Problem to solve: Among the entries below, retype exactly the lines starting with the one with "Thành phố Nagoya." and going on through the one with "desfiles-giselenasser-saopauloverao2008rtw-118", but not the pictures.
─── Task inputs
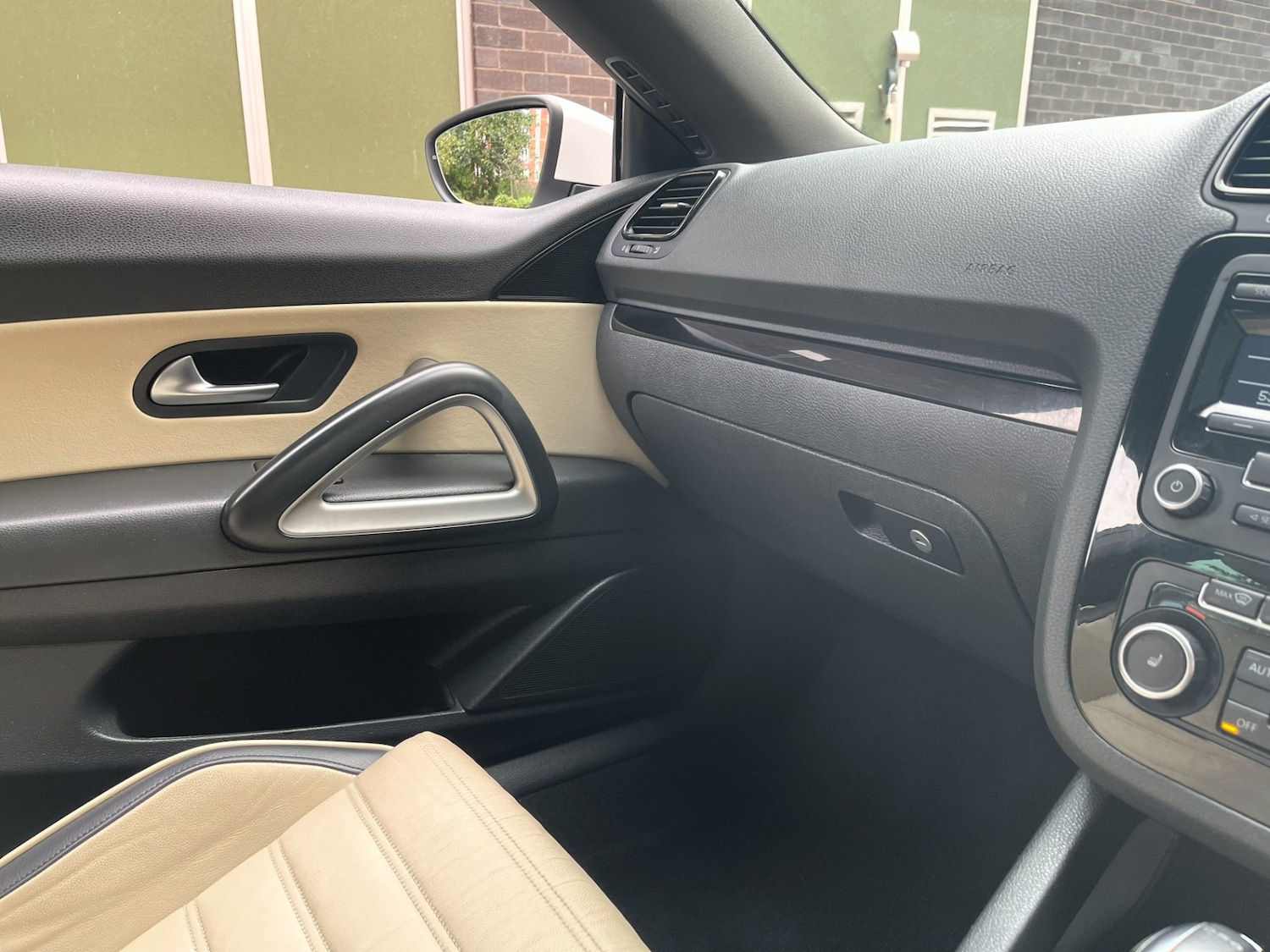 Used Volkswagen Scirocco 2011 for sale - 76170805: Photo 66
──────
─── Task inputs
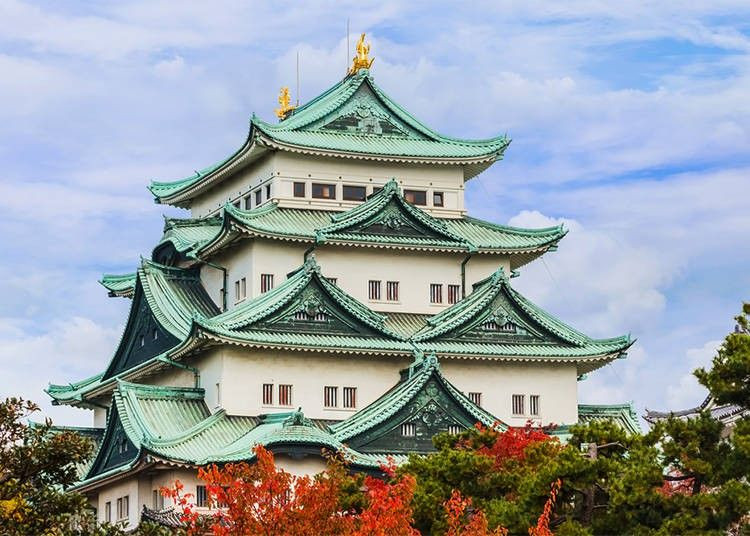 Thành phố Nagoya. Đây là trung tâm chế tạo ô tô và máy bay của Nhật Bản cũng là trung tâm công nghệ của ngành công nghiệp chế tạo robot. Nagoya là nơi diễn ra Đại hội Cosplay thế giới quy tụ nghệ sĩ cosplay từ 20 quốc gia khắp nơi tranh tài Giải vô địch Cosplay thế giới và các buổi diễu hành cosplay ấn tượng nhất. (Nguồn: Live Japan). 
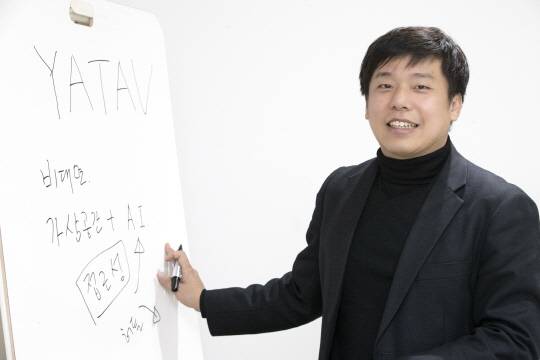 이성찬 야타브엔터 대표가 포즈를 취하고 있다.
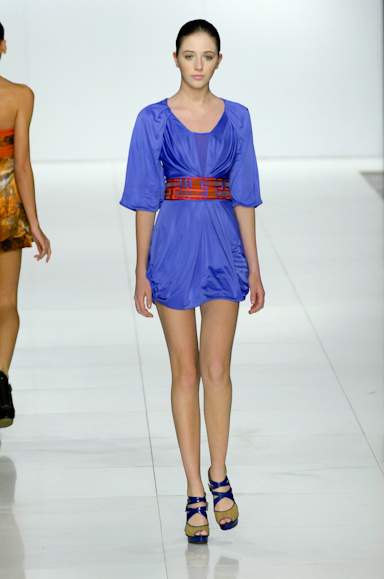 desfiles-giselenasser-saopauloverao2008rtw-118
──────
Exercise answer:
 Thành phố Nagoya. Đây là trung tâm chế tạo ô tô và máy bay của Nhật Bản cũng là trung tâm công nghệ của ngành công nghiệp chế tạo robot. Nagoya là nơi diễn ra Đại hội Cosplay thế giới quy tụ nghệ sĩ cosplay từ 20 quốc gia khắp nơi tranh tài Giải vô địch Cosplay thế giới và các buổi diễu hành cosplay ấn tượng nhất. (Nguồn: Live Japan). 
 이성찬 야타브엔터 대표가 포즈를 취하고 있다.
 desfiles-giselenasser-saopauloverao2008rtw-118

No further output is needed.